L’accompagnement des adolescents est souvent complexifié par les cumuls de problématiques (la crise sanitaire ayant encore accentué les fragilités, voire les ruptures, familiales, scolaires, professionnelles, psychologiques…). C’est pourquoi le travail en partenariat sera une priorité absolue ; les liens étroits seront partout maintenus avec les MDS et la PJJ pour repérer et réparer, en lien systématique avec les familles qu’il s’agit aussi d’étayer, orienter, réassurer dans leur légitimité parentale. Le partenariat s’entend à la fois sur le plan institutionnel et au niveau des micro-territoires où il se double d’habitudes de travail resserrées au bénéfice d’un public en grande difficulté. L’ensemble des partenaires reconnaît la capacité de la prévention spécialisée à rester sur des terrains difficiles et à produire des expertises continues des contextes et de leurs évolutions. Nous travaillons avec les partenaires historiques de l’action sociale mais aussi dans le cadre des GPS et avec les équipes de l’UPU dans un vrai respect des missions respectives et une vision harmonieuse de ce que doit être l’intérêt général des habitants.

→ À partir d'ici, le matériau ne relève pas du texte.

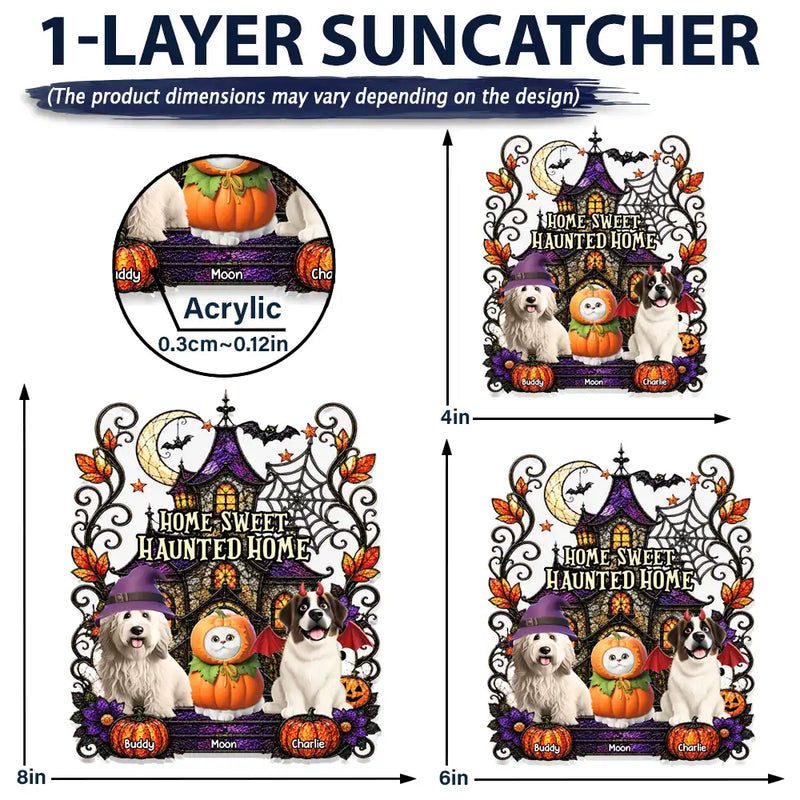 Playful,Indoor Decor,Halloween,Pet Lovers,Vector - Home Sweet Haunted Home Halloween Pets - Personalized Window Hanging Suncatcher Ornament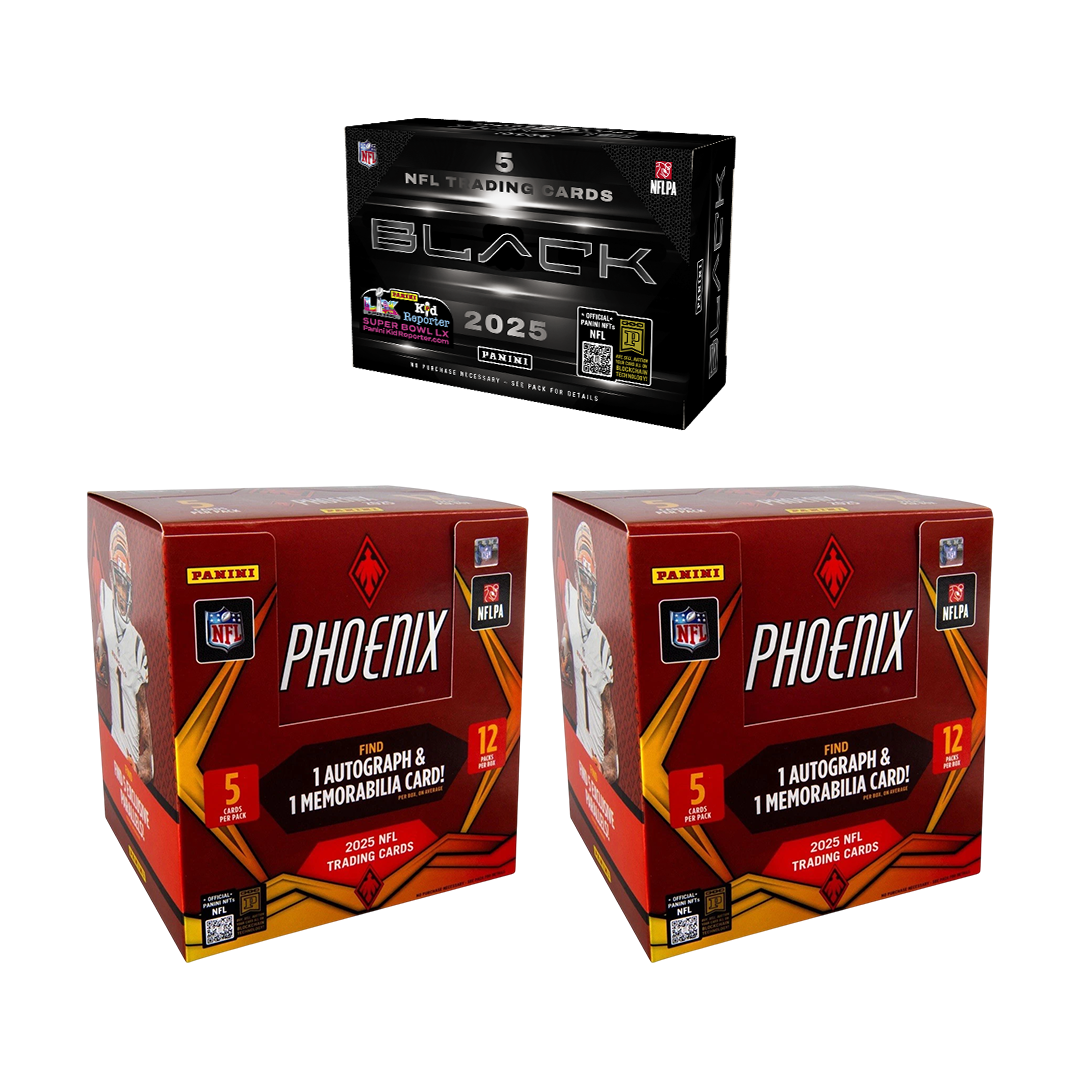 BREAK#179 MONDAY 12/08/25 09:00 PM EST or RIP ON FILL 2025 Panini Black Football Hobby + Panini Phoenix Football Preferred Hobby (x2) Pick Your Team (MDLT)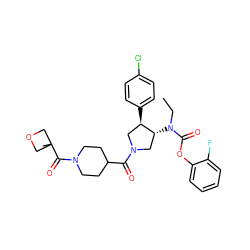 CCN(C(=O)Oc1ccccc1F)[C@@H]1CN(C(=O)C2CCN(C(=O)C3(C)COC3)CC2)C[C@H]1c1ccc(Cl)cc1 ZINC000117713051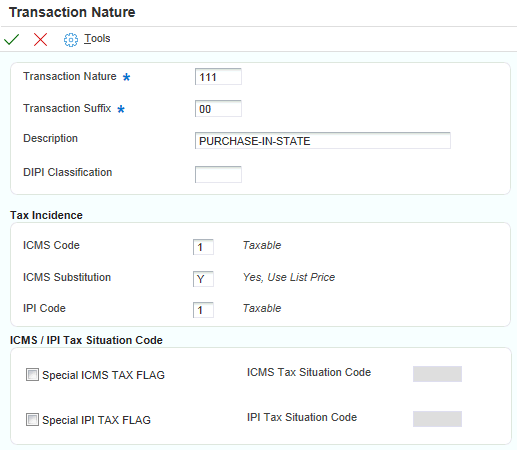 Transaction Nature form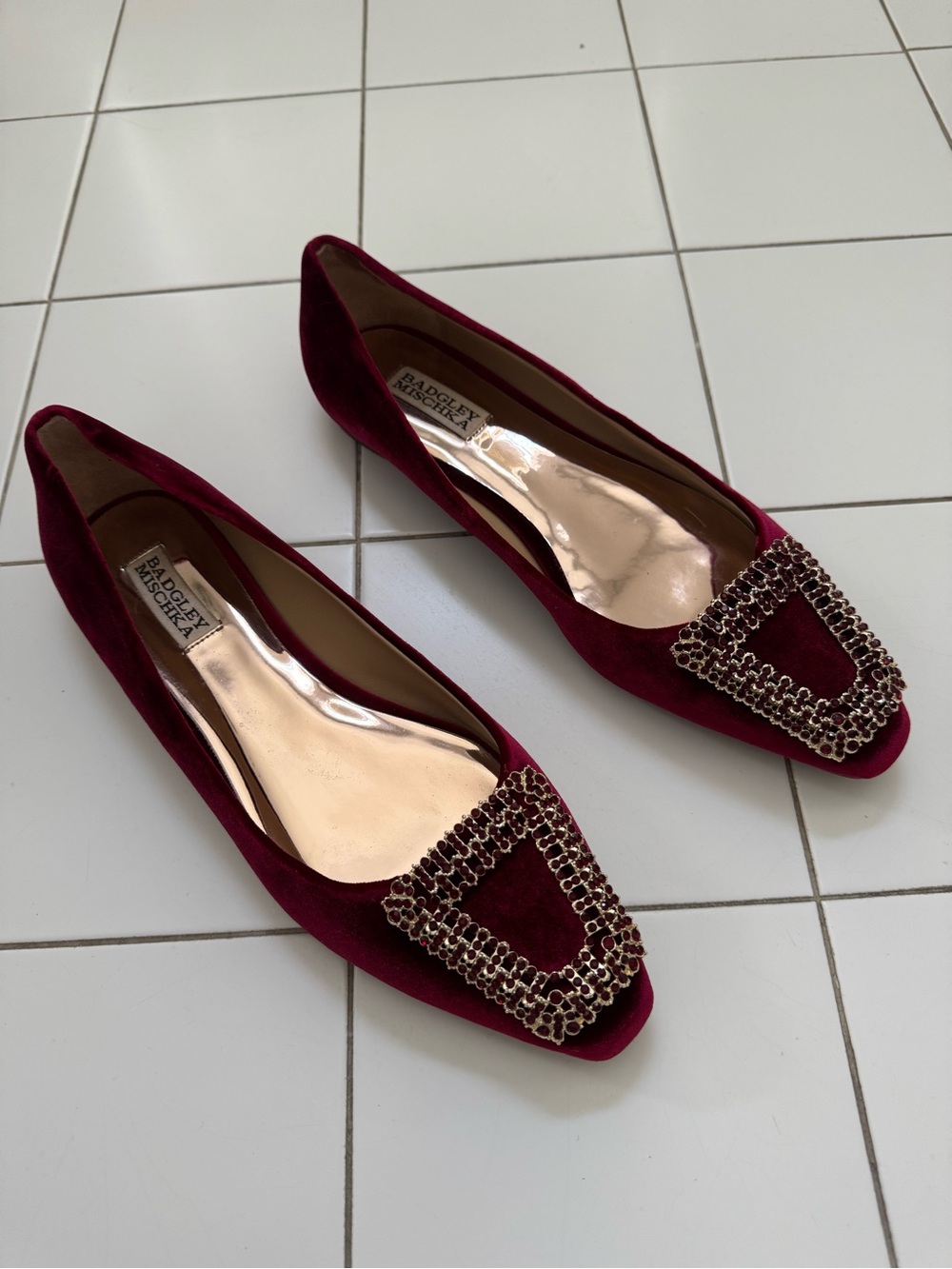 Badgley Mischka Velvet Crystal-Embellished Emerie Red Pointed Flats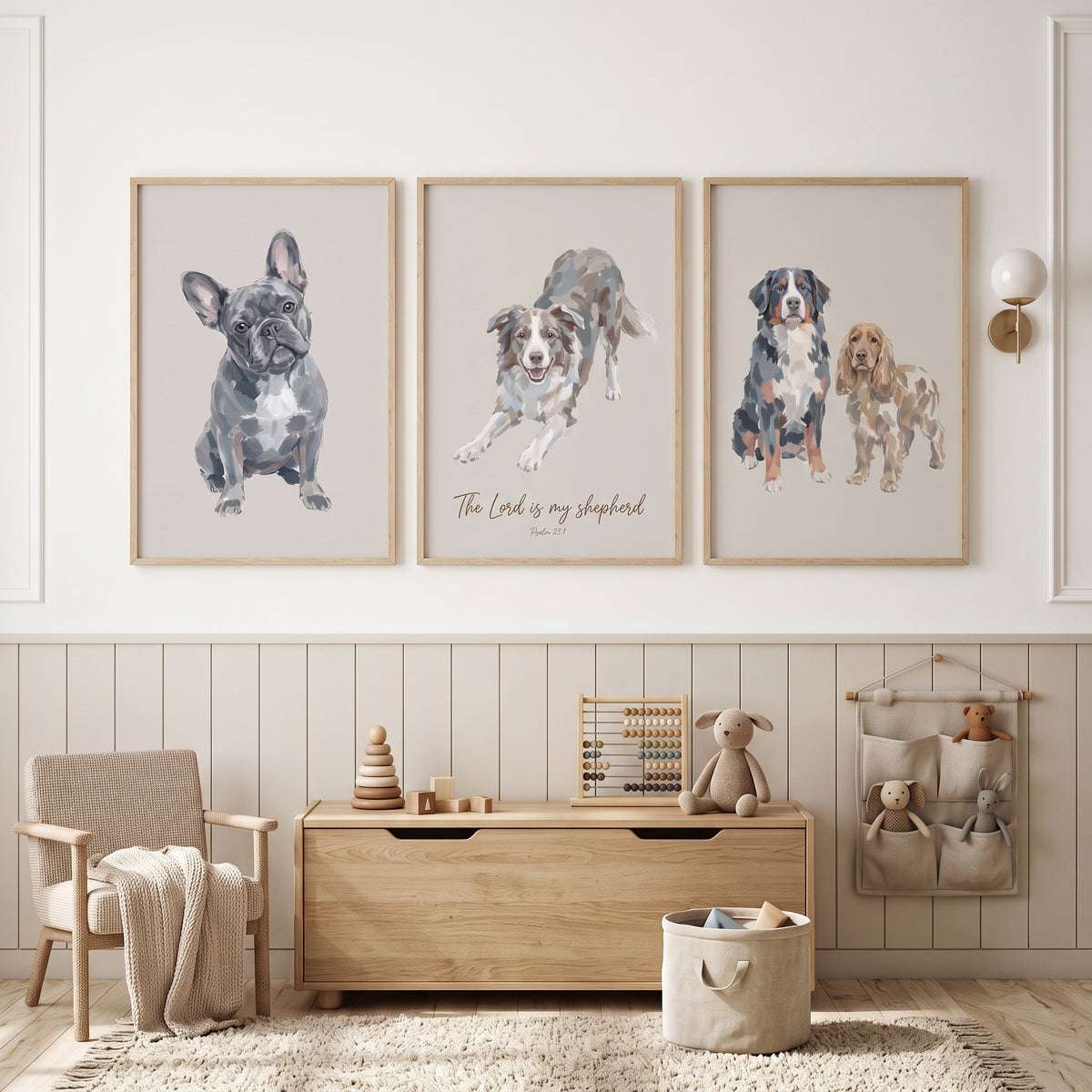 Sophisticated Diverse Breed Dogs Wall Art Set of 3 - Shepherd Psalm Art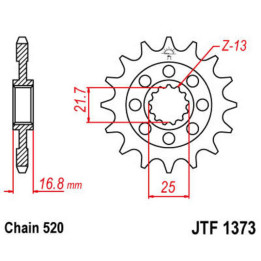 Pignon JT SPROCKETS acier standard - 520 JTF1373.17 | Oxmoto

Nous nous appuyons pour ce faire sur les dispositifs récents et en cours. La Stratégie nationale de prévention et de lutte contre la pauvreté et les Bataillons de la prévention ont notamment permis, à Marseille, d’étoffer certaines équipes éducatives, de développer le réseau jeunes, d’ouvrir des implantations nouvelles et d’expérimenter la présence de psychologues de rue intégrées aux équipes et permettant de travailler davantage les questions de santé au sens large auprès des publics (individuel et collectif, soins généraux
et psychiques). En outre, ces programmes nous ont permis de limiter les difficultés de recrutement auxquelles nous sommes comme d’autres régulièrement confrontés, car ils ont fourni l’opportunité d’embaucher des salariés en apprentissage. Toutefois ces financements n’étant pas pérennes, nous pourrions perdre une majorité de ces postes à brève échéance, ce qui pénaliserait d’autant les populations qui en bénéficient. Nous attendons en parallèle le nouveau schéma départemental, actuellement à l’étude, et qui préconise un développement des actions de prévention.
Car si nos équipes sont vaillantes, capables de monter des projets et d’imaginer des réponses aux multiples difficultés vécues par leur public, elles pâtissent toutefois du niveau de ces difficultés et des complexités grandissantes, sociales et territoriales auxquelles elles sont confrontées.